Une décennie après le premier lancement d’un appareil civil depuis la chute de l’URSS avec l’avion régional Superjet, le projet MC-21 s’attaque à un marché bien plus gros puisqu’il concurrence les modèles les plus vendus d’Airbus et Boeing, l’A320 et le B737.

« Etant donné que les Américains ont cessé de fournir des matériaux composites, nous passons à nos propres matériaux », a déclaré Sergueï Tchémézov, patron du conglomérat d’Etat militaro-industriel Rostec, aux journalistes présents au salon international de la défense (Idex)à Abou Dhabi.

« La production en série est décalée d’un an » et doit désormais commencer d’ici fin 2020 au lieu de cette année comme prévu, a-t-il affirmé, indiquant que le conglomérat nucléaire russe Rosatom a créé « un matériau qui pourrait bien remplacer l’américain ».

Le MC-21, qui a effectué son premier vol d’essai en mai 2017, devait initialement être mis en service fin 2018. Mais il a déjà été repoussé.

L’avionneur UAC, en charge du projet au sein de Rostec, avait déjà annoncé en janvier que les composants américains seraient remplacés par des produits russes, assurant que les sanctions ne compromettraient pas le projet.

Depuis la crise ukrainienne de 2014 et l’intensification des tensions internationales, les sanctions occidentales, et surtout américaines, ne cessent de se renforcer contre l’économie russe, et en particulier contre son industrie de défense.

En septembre, Washington a ajouté à sa liste noire des entreprises russes participant au projet MC-21 – dont Aerocomposite – au motif qu’elles agissent « contre les intérêts des États-Unis en matière de sécurité nationale ou de politique étrangère ».

Outre les mesures sectorielles, les sanctions visent Rostec et nommément son influent patron, Sergueï Tchémézov, réputé proche de Vladimir Poutine.

Le MC-21, qui peut transporter jusqu’à 211 passagers, doit constituer un nouveau symbole de renaissance de l’industrie aéronautique russe après le chaos des années 1990.

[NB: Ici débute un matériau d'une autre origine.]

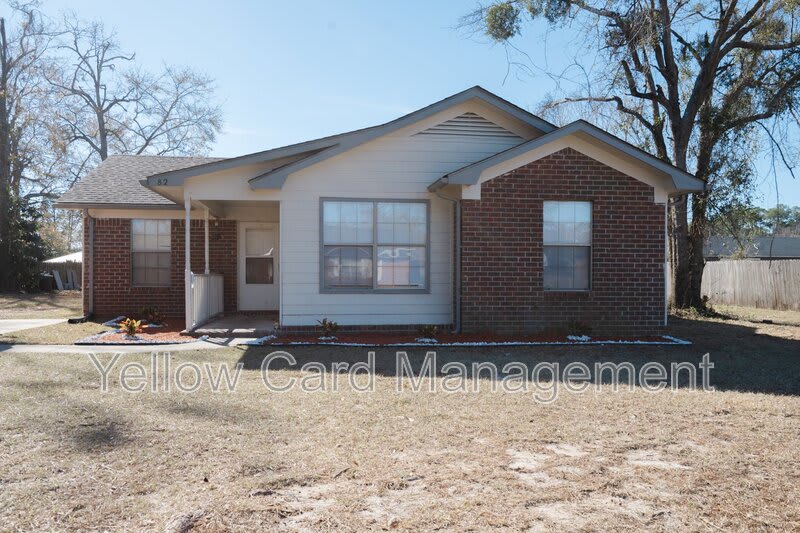 82 Crosby Dr – photo 1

« Nous sommes prêts à concurrencer Boeing et Airbus sur le marché mondial de l’aviation », affirmait Sergueï Tchémézov dans un entretien à l’AFP en novembre.

Son fabricant, Irkout, promet un « nouveau niveau de confort » pour les passagers et a indiqué avoir signé des contrats avec des compagnies aériennes russes et dans l’ex-URSS, telles qu’Aeroflot, UTAir et la compagnie aérienne kyrgyze.

Moteur américain !

M. Tchémézov a par ailleurs indiqué lundi que, selon un contrat signé avant l’imposition des sanctions, le premier lot de 50 à 60 avions serait équipé de moteurs américains.

« Nous étions contre car nous avons notre propre moteur », a-t-il précisé. « Mais en vertu du contrat, nous sommes obligés de prendre leurs moteurs pour le premier lot ».

Ce démarrage difficile du MC-21 rappelle la mise en service en 2011 de l’appareil de transport régional Superjet 100, premier avion civil conçu après l’ère soviétique. Mais cet avion assemblé avec de nombreuses pièces occidentales, source de fierté à l’époque de son lancement, a connu un succès limité au-delà de la Russie.

Depuis, fin 2018, Rostec, puissant conglomérat, a récupéré dans son giron United Aircraft Corporation (UAC), qui rassemble les principaux avionneurs civils et militaires russes (Soukhoï, Antonov, Tupolev).

« Nous procédons actuellement à un audit de la société (UAC), cela ne donne pas une très bonne impression. Il y a besoin d’environ 240-250 milliards de roubles supplémentaires » pour le projet MC-21 mais aussi pour moderniser les installations existantes, a déclaré lundi M. Tchémézov.

Il a indiqué que Rostec allait « très probablement » séparer les divisions civile et militaire d’UAC, « afin de ne pas exposer la production civile à des sanctions », particulièrement dures contre le secteur de la Défense.